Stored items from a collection
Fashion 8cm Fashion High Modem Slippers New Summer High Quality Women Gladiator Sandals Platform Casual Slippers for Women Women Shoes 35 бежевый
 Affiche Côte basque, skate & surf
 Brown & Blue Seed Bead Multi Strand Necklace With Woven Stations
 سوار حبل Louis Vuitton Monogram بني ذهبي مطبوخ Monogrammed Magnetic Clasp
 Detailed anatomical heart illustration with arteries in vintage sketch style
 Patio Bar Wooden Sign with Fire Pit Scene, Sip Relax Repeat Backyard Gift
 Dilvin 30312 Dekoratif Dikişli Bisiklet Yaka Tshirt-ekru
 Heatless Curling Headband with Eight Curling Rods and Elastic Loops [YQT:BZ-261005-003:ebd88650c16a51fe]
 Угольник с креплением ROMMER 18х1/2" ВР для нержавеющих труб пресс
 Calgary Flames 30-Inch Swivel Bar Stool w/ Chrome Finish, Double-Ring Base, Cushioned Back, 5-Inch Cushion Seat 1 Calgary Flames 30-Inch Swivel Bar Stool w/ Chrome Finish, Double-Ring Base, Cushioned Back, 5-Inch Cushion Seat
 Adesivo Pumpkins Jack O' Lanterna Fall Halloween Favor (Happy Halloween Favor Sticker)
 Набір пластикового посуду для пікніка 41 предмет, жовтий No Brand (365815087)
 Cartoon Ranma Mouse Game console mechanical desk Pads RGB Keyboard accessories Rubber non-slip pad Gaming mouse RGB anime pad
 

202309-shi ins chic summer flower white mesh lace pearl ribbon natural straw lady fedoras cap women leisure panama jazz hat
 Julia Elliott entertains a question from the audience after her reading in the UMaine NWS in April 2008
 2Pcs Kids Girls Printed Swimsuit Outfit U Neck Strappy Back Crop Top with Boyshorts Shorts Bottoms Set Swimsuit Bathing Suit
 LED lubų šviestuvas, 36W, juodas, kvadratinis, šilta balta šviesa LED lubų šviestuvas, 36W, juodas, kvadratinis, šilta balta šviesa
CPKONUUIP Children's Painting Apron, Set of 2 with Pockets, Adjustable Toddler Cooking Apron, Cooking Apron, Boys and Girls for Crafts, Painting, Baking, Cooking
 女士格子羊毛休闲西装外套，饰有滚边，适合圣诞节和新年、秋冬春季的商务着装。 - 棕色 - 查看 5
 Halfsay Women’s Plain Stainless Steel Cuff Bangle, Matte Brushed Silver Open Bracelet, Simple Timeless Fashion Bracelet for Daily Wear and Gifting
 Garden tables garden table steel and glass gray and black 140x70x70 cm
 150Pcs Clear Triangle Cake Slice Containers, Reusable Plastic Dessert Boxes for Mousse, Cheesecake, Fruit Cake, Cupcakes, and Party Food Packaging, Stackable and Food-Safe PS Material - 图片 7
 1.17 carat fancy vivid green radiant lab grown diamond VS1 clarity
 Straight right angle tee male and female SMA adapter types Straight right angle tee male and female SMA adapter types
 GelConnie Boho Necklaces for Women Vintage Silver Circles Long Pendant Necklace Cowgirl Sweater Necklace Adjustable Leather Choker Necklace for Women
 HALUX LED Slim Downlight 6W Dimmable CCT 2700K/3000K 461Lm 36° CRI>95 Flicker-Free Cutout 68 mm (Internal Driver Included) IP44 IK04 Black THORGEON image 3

= What you have to do =
Among the entries above, copy exactly only the lines starting with the one containing "Dilvin 30312 Dekoratif" and going through the one containing "Угольник с креплением", both ends included.

= Written solution =
 Dilvin 30312 Dekoratif Dikişli Bisiklet Yaka Tshirt-ekru
 Heatless Curling Headband with Eight Curling Rods and Elastic Loops [YQT:BZ-261005-003:ebd88650c16a51fe]
 Угольник с креплением ROMMER 18х1/2" ВР для нержавеющих труб пресс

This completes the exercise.